EXTRACTED ENTRIES section start
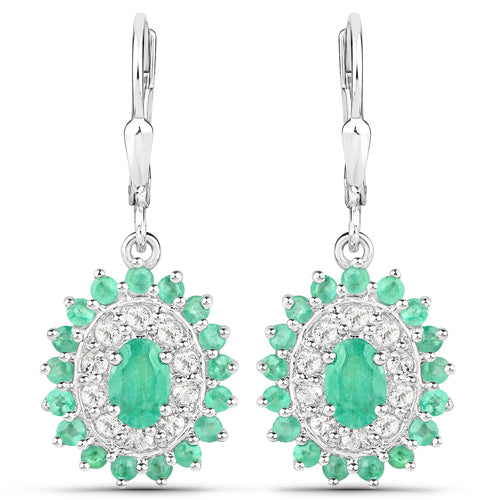 6.53 Carat Genuine Zambian Emerald and White Topaz .925 Sterling Silver 3 Piece Jewelry Set (Ring, Earrings, and Pendant w/ Chain) by Bids.com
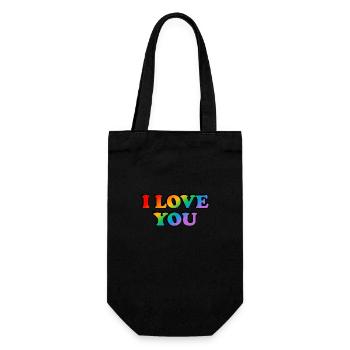 I love you - rainbow - gay marriage - Gift Bag for Bottles - black - Front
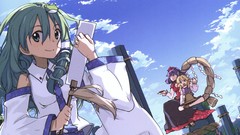 Leaves clouds snakes logs hats goddess staff red eyes sitting 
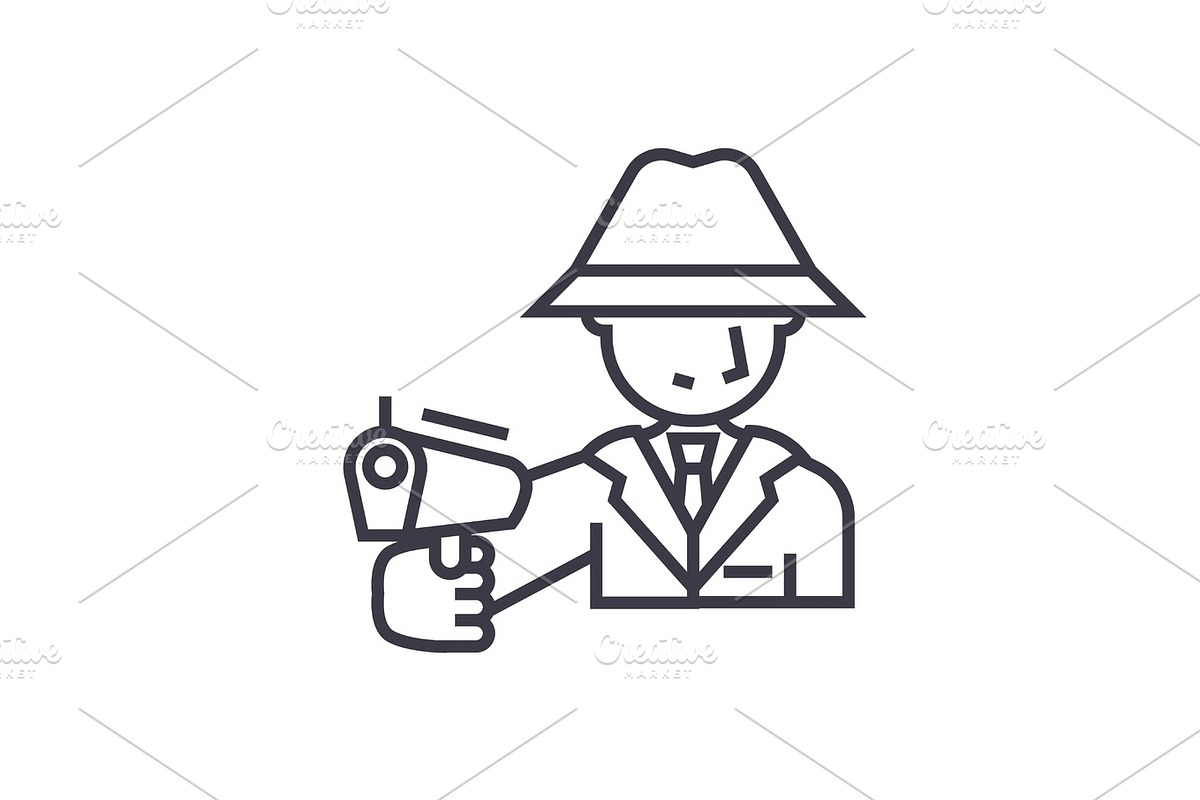 mafia, man with gun concept vector thin line icon, symbol, sign, illustration on isolated background in Illustrations - product preview 8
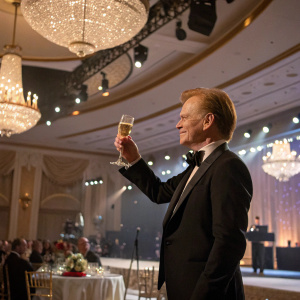 David Caruso center stage at the gala event. He's holding a glass of champagne and making a toast. Luxurious ballroom, chandeliers overhead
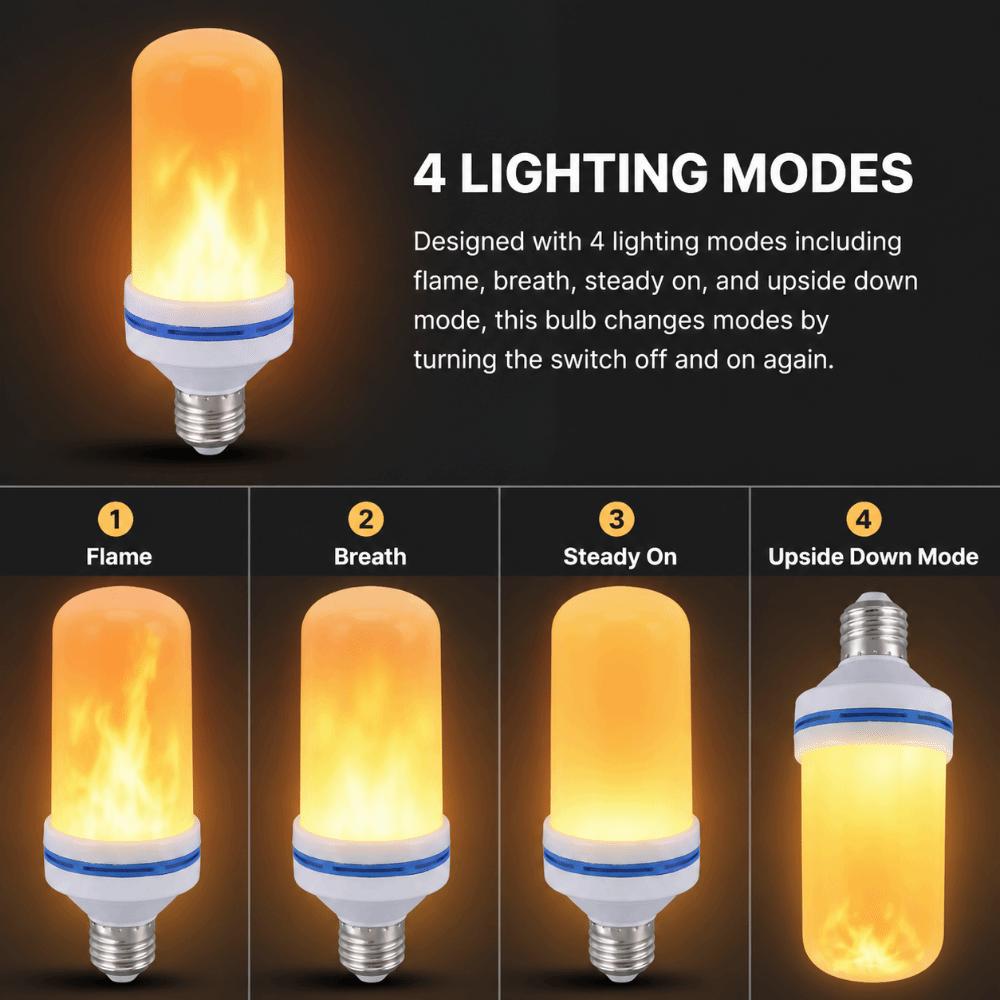 2 Pack 3W LED Flame Light Bulbs 4 Modes E26 Base Flickering Light Bulbs AC 85‑265V Upside Down Effect Fire Light Bulbs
EXTRACTED ENTRIES section end
• _TASK REQUIREMENTS_
All lines from the one containing "Leaves clouds snakes" through the final line of the entries above are to be copied exactly; the pictures are not.

• _EXERCISE ANSWER_
 Leaves clouds snakes logs hats goddess staff red eyes sitting 
 mafia, man with gun concept vector thin line icon, symbol, sign, illustration on isolated background in Illustrations - product preview 8
 David Caruso center stage at the gala event. He's holding a glass of champagne and making a toast. Luxurious ballroom, chandeliers overhead
 2 Pack 3W LED Flame Light Bulbs 4 Modes E26 Base Flickering Light Bulbs AC 85‑265V Upside Down Effect Fire Light Bulbs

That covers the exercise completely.